Wednesday, April 30, 2008

Vocações ou a falta delas

Este talvez seja dos posts mais complicados de escrever. Porque joga com aspectos muito sensíveis das opções de vida de muita gente, e pode fazer com que alguem se possa sentir atingido com algumas das considerações aqui tecidas. No entanto, considero que talvez seja dos aspectos mais centrais do deplorável panorama científico nacional. E falo da questão das vocações.

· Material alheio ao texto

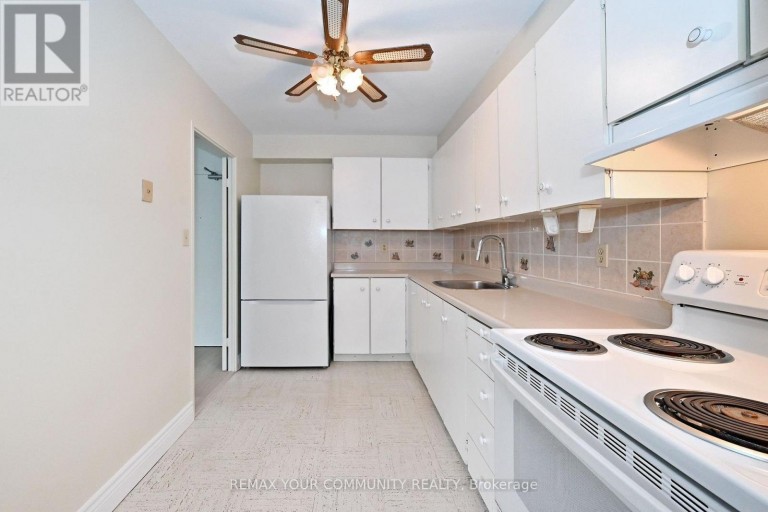 2602 - 5 MASSEY SQUARE, Toronto (Crescent Town), Ontario, M4C5L6
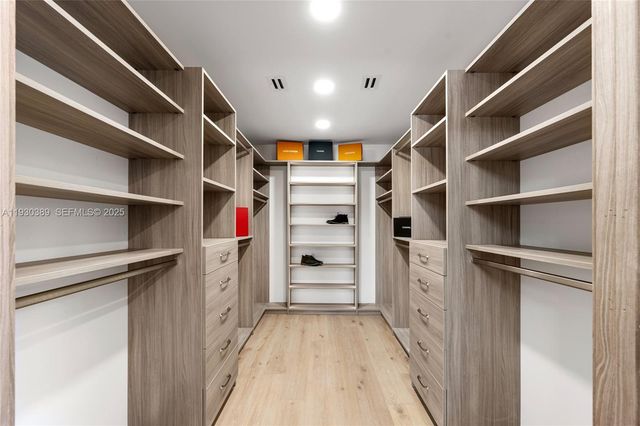 11127 Boca Woods Ln, Boca Raton, FL 33428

Conheço centenas de investigadores, e contam-se pelos dedos de duas mãos aqueles que considero terem uma vocação adequada ao desempenho da investigação. E vocação compreendo como um conjunto de características que incluem, simultaneamente, inteligência, abnegação, capacidade de trabalho e de auto-sacríficio, imaginação e criatividade, grande capacidade de observação e resistência à adversidade. Sem a conjugação de, pelo menos, algumas destas características, será sempre impossível fazer investigação de forma plena. E o problema é que aquilo a que por vezes assisto é pessoas a fazerem passar-se por investigadores de ponta sem haver a conjugação de nenhum destes factores. E vejo gente que só faz investigação porque não tinha outra ocupação à qual se dedicar. Isto é péssimo. Nem consigo imaginar razão pior para se fazer investigação.

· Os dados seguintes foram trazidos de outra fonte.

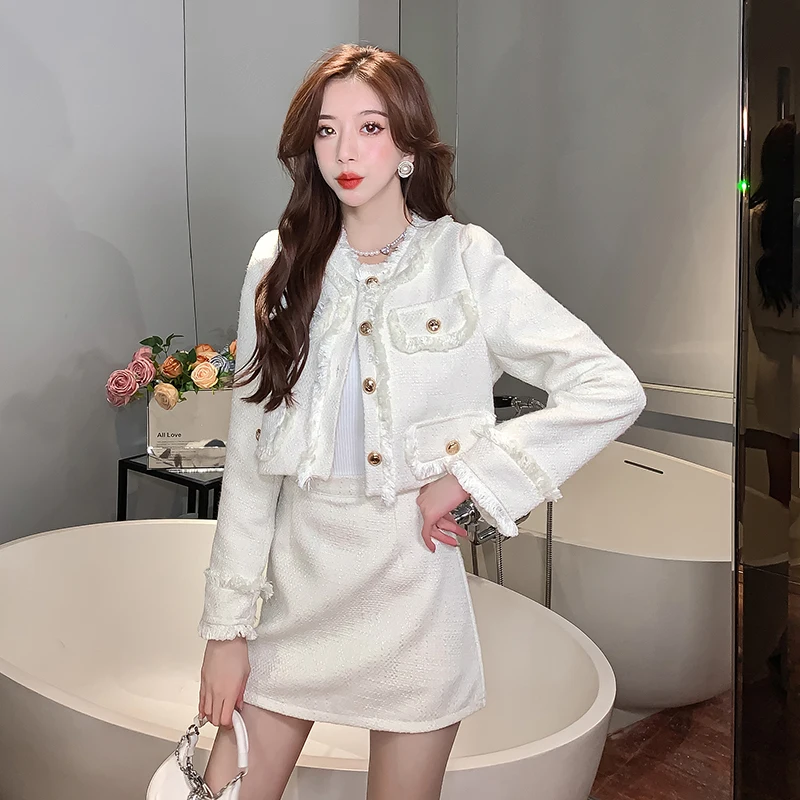 Runway Fall Elegant Tweed Women High Quality Long Sleeve Top Tassel Woolen Jacket Coat + Slim Mini Skirts Two Pieces Set Suit
Runway Fall Elegant Tweed Women High Quality Long Sleeve Top Tassel Woolen Jacket Coat + Slim Mini Skirts Two Pieces Set Suit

O mercado de trabalho está inundado (ou nunca esteve sequer preparado para absorver) licenciados de determinadas áreas do conhecimento. Pelo menos, falo do mercado de trabalho nacional. As universidades formam levas de licenciados sem qualquer aplicação prática e imediata, que só servem para aumentar o número de desempregados, por um lado, ou o número de candidatos a bolseiro, por outro. É óbvio que existe uma desadequação entre oferta e procura, e entre aquilo que a investigação necessita e o que os licenciados aspiram. E é deste caldo de desadequações que os fazedores de sonhos se aproveitam, para promover ilusões de que pelo caminho da investigação patrocinada pelo Estado se consegue ir adiando a verdadeira questão de fundo, que é a incapacidade em encaminhar todo este manancial de cérebros para algo mais palpável do que uma bolsa. Não estou contra os bolseiros, estou é contra esta política de que mais vale ter uma bolsa do que nada; porque ter "nada" não deveria nunca ser opção.

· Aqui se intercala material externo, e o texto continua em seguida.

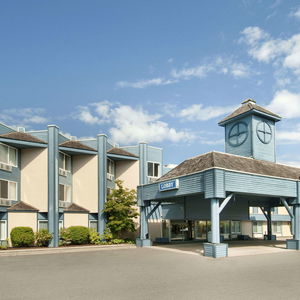 Hotel Travelodge By Wyndham Parksville cazare Parksville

Convenhamos: eu sei que nunca serei um excelente jogador de futebol. Isso só está ao alcance de alguns. Aceito-o e compreendo-o. O mesmo raciocínio deveria estar subjacente a todos os que consideram a licenciatura condição sine qua non para a felicidade, para a prosperidade e para serem felizes na vida amorosa. Licenciatura ainda hoje é panaceia. Esta visão institucionalizou-se e ganhou força de dogma. É pelo facto de o acesso ao ensino superior se ter democratizado, banalizado, abandalhado e facilitado que se permite que qualquer indíviduo possa ter a pretensão de se licenciar, e de almejar a vôos intelectuais para os quais manifestamente não foi talhado. E depois é um vê-se-te-avias para arranjar emprego, e tudo vale, incluindo inundar os centros de investigação. Muitos dos mentores de algumas licenciaturas públicas são o principal obstáculo à modernização do sistema: nunca, por intermédio de uma análise sistemática, fria e racional com base nos pressupostos das necessidades do país e da oferta formativa, conseguem chegar à evidentíssima conclusao de que aquilo que criaram é inútil, e, consequentemente, passível de ser extinto. Somos assim confrontados com cursos sem grande empregabilidade, quando a têm. Neste ponto, surte ainda bestial efeito a inflação desmedida das médias de curso, garante máximo de que, pelo menos, o efeito paliativo da bolsa se fará sentir. Vivemos assim uma bolsa-dependência, para escamotear o défice de empregabilidade crónica que grassa neste país. E daqui resulta o triste facto de termos, quase literalmente, todo o cão e gato (desde que cumpra a meta estatística de ser detentor de uma "boa média"; reparem no vício terrível de que não é preciso ser brilhante, basta parecê-lo) a aceder a posições de investigação que deveriam estar reservadas unicamente aos mais capazes. Depois é vê-los, 15 dias antes do final da bolsa, sem perspectivas de emprego real, a pensar em prolongar a agonia com o providencial balão de oxigénio que é... uma outra bolsa!!!

1 comment:

Filipe said...

Quem são os mais capazes ? Os que acabam o curso com médias de 17 para cima ?? Não me faça rir !! Uma licenciatura é uma corrida de 100 metros mas uma carreira de investigação é uma maratona! Ser-se bom nos 100 metros não implica ser-se bom na maratona e vice-versa !! Já vi muito na vida e por isso acredite no que eu lhe digo !!